The second part of the book is a rather technical discussion of weather patterns, especially the oscillation known as ENSO, leading to the El Nino phenomena. Davis also delves into the scientific discussions of these phenomena both during the period of capitalist famines and in contemporary meteorology. This part of the book is furnished with strong statistical data, which will primarily be of interest to people engaged in studying weather patterns, as well as agriculturists because of the importance of these patterns for monsoons etc.

The third and final part of the book picks up where the first one left off, and goes into more detail about the social organizations of Brazil, India and China both before the colonialist period and during it. Davis produces interesting evidence to the account that not only was the average standard of living for the majority of the people quite higher in India and China than in Europe during the 18th Century, their degree of productivity in terms of manufacturing was higher as well. This to directly contradict the many Whiggish histories, like Landes and others, who posit the societies of India and China as stagnant and unproductive from the start. Instead, Mike Davis hypothesizes that the real reason for the sudden collapse in effectivity and productivity of India and China is the military involvement of (mainly) the British in these regions. Subjugating India entirely to a system of hyper-exploitation for the sole benefit of paying for the huge British military and for the interests of the factory manufacturers and traders in Manchester and London (whose direct influence over Indian Raj policy is shockingly large); and in China forcing the government into such large-scale wars and interventions against the British as to make the Qing dynasty go entirely bankrupt and unable to pay for the vast infrastructure and reserve funds, as well as destroying the most effective administation the world had ever seen, the Imperial magistrature system, from the inside via opium trade corruption. Davis makes plausible, if not quite proven, therefore that the downfall of India and China as powers in the 19th Century was exogenous rather than endogenous to these societies.

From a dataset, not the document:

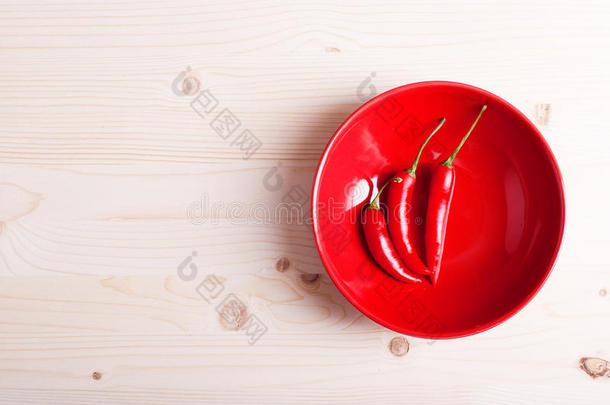红辣椒放在盘子里，放在一个浅木的桌面上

But what is most important about this book is the enormity of what it describes: the incredibly large-scale death of the subjugated and exploited peoples of what would later form the 'Third' or developing world. By even modest estimates the various preventable famines in China during 1850-1900 alone must have killed some 30-60 million people, and in India probably again anywhere between 30 and 85 million. Then if we add to that the deaths in Brazil (not exploited by foreign powers this time, but by their own capitalist plutocracy), of various African nations, as well as the costs of rebellion and civil war caused by the social disintegration resulting from invasion and colonialism, we get quite a pretty picture: indeed the 20th Century can hardly be considered bloodier than the 19th was. And this is called, by historians, the "Belle Epoque"! One wonders if those who write so-called "Black Books of Communism" etc. are even aware of the lethality of capital.